Leigh Day, a law firm in the UK, filed an employee rights claim for Amazon delivery drivers. BBC reports the claim states the drivers deserve employee rights and at least 3,000 drivers could receive over $191 million in compensation.
The majority of Amazon drivers are not direct employees of the company. Instead, they work for Delivery Service Partners (DSPs) and are not eligible for National Minimum Wage or an employment contract.
Leigh Day’s argument is that the drivers should have more rights because of the amount of control Amazon possesses over them.
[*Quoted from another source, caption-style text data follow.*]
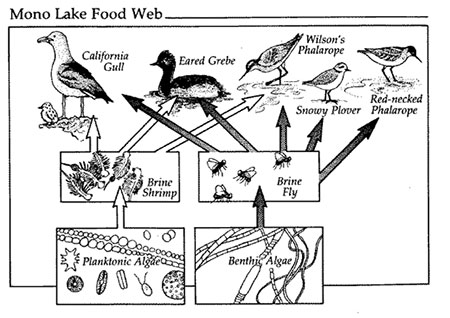 food web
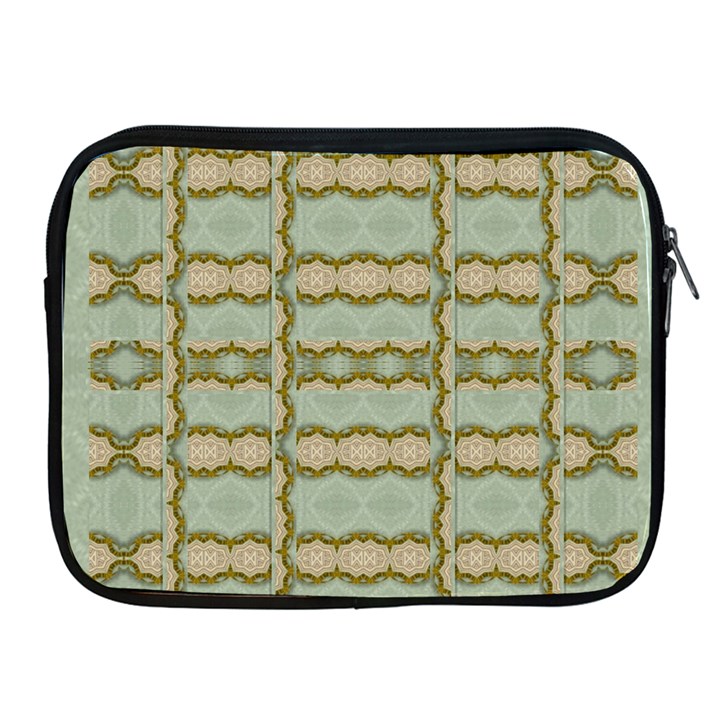 Celtic Wood Knots In Decorative Gold Apple iPad 2/3/4 Zipper Cases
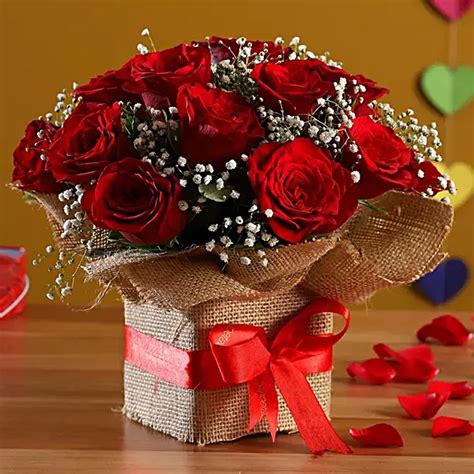 Rose Day Gifts Ideas 2023: 5 Cute Gift Ideas To Surprise Your Partner ...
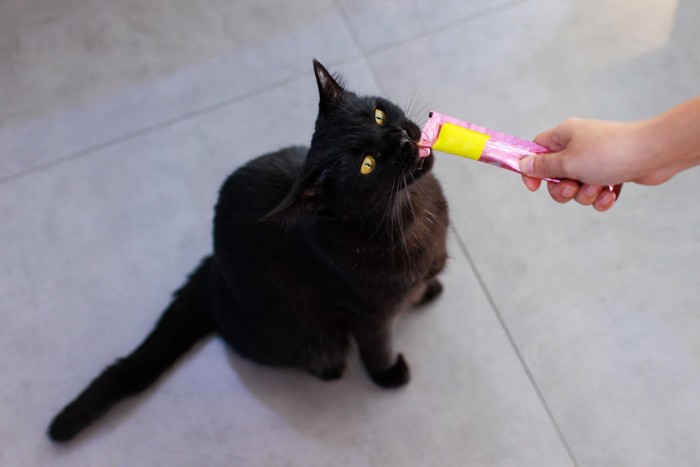 おやつを食べる猫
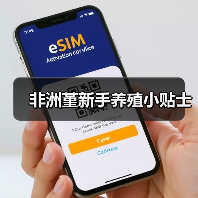 非洲堇新手养殖小贴士(图1) 非洲堇新手养殖小贴士(图1)
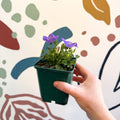 Campanula carpatica 'Blaue Clips' - British Grown - Sprouts of Bristol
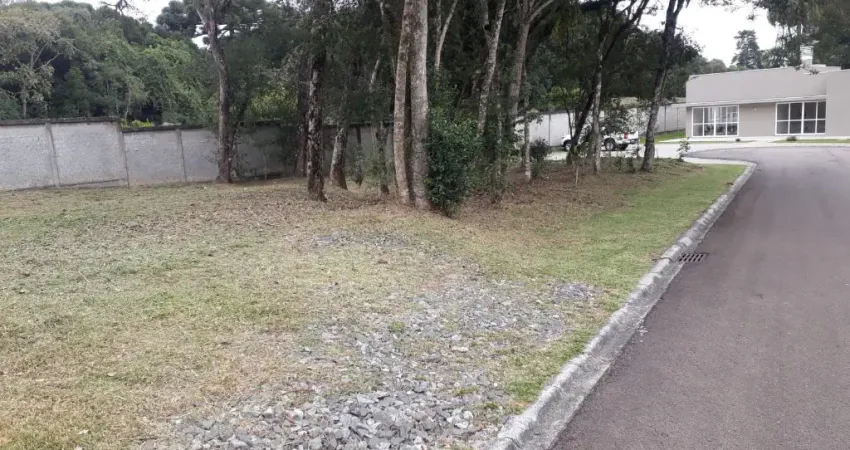 Terreno à venda no Orleans, Curitiba 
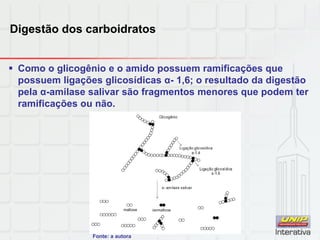 Digestão dos carboidratos
 Como o glicogênio e o amido possuem ramificações que
possuem ligações glicosídicas α- 1,6; o resultado da digestão
pela α-amilase salivar são fragmentos menores que podem ter
ramificações ou não.
Fonte: a autora
 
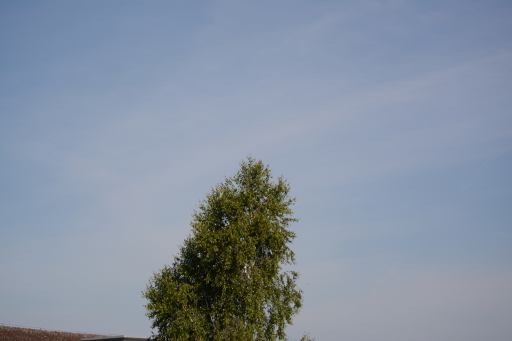 D7100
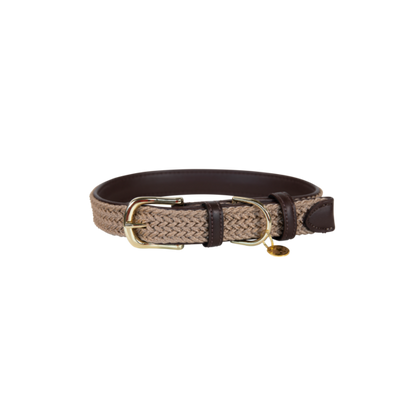 Collier chien tressé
For example, the firm cited Amazon requires drivers to work set shifts and book time off but says the drivers are self-employed.
In a Leigh Day press release, employment solicitor Katie Robinson added drivers’ charges can include van rental, fuel and insurance.
After working 36 hours across four days, one driver claimed they earned only $3.73 instead of the expected $634.
"For drivers, earning at least National Minimum Wage, getting holiday pay and being under a proper employment contract could be life-changing," Robinson said.
The law firm currently represents two drivers and looks to acquire others for group action.
In a response to Leigh Day's announcement, an Amazon spokesperson told Business Insider, "We are committed to ensuring these drivers are fairly compensated by the delivery companies they work with and are treated with respect, and this is reflected by the positive feedback we hear from drivers every day."
In February, Leigh Day won a case on behalf of Uber drivers which required drivers to be regarded as workers rather than self-employed.